GOOD NEWS AND BAD NEWS
Most people are aware that April 15 is tax day. That simply means that you have to have your taxes filed and paid by that date and that the year that those taxes are due for are from January 1st to December 31st of the previous year. New York, however, takes a slightly different approach to estate tax liability. Estate tax liability rates are set from April 1st to March 31st. So, if you are administering an estate, wherein the deceased passed away on March 30, the estate tax liability will be different and lower than if they passed away on April 2 of the same year. As this blog discussed in the past, New York state amended its estate tax in 2014 so that it will be on par with the federal estate tax rate in 2019. Prior to 2014, New York had an estate tax exclusion of one million dollars. As of April 1, 2016 the estate tax exclusion is $4,187,500. As such the good news is that with the passage of the changes to the estate tax laws, more estates will not have to pay any estate tax at all. The bad news is that the majority of the estates that exceed that value will likely have to pay a higher tax rate than before and maybe even more than the federal tax rate.
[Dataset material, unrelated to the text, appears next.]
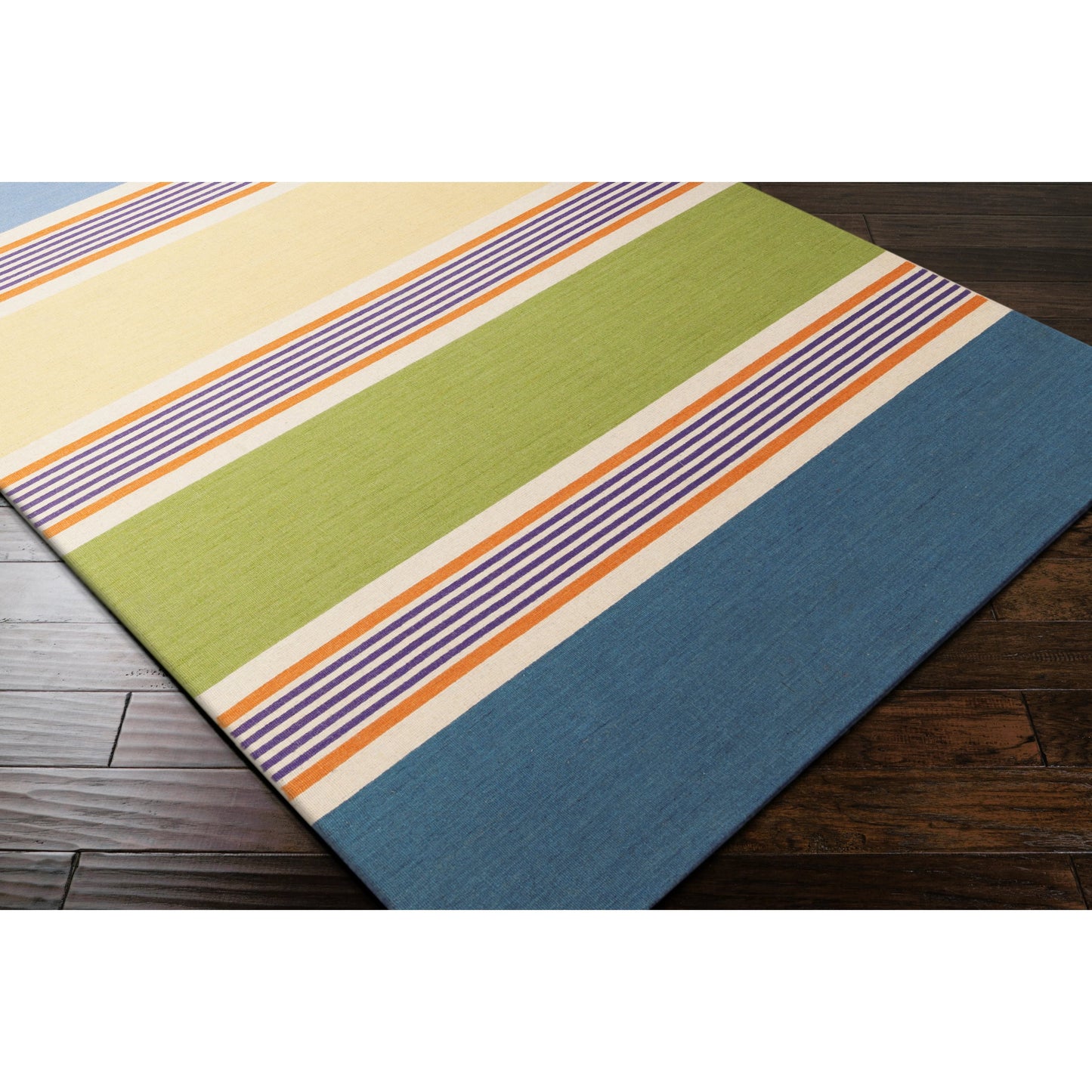 002 47120-15309 | Closeup | Calvin Rug - 1743 by Surya in light beige, mustard, medium purple, light olive, blue. Made from 100% wool in a unique style.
Starting in 2019, New York’s estate tax rate exclusion will mirror the federal amounts. Since both are pegged to inflation, they will grow year to year. That is where the differences will end. Under the federal estate tax, only the amount above the federal tax exclusion is taxed. So, just to make the example easy, if the federal tax exclusion is $5,000,000 (it is not), an estate worth $6,000,000 would only be taxed by the federal government on $1,000,000. New York’s estate tax requires that if the estate is greater than 105% of the exclusion, the entire estate is taxed. So, with the same example immediately above, the entire estate (6,000,000) would be taxed. If the estate was say $5,249,999 (one dollar less than 105%) instead of 6,000,000, the entire amount would not be taxed, since the estate has to exceed 105%. If the estate was $5,250,001 (one dollar more than 105%), the entire estate would be taxed.
A second difference between New York estate tax and Federal estate tax is that New York does not allow the estate tax credit to carry from first spouse to pass away to the second. In other words there is no portability of tax credits as there is in federal tax law. That means that for those estates that could possibly breach the threshold of the estate tax value, it is imperative to engage in estate tax planning to insure that the spousal estate tax credit is sheltered.
Finally, there is no gift tax found under New York estate tax. Theoretically this would make estate tax planning much easier, except that one still have to plan for gift tax issues due to federal estate tax purposes. Moreover, any gift made within three years prior to death is included within the value of the estate for estate tax purposes.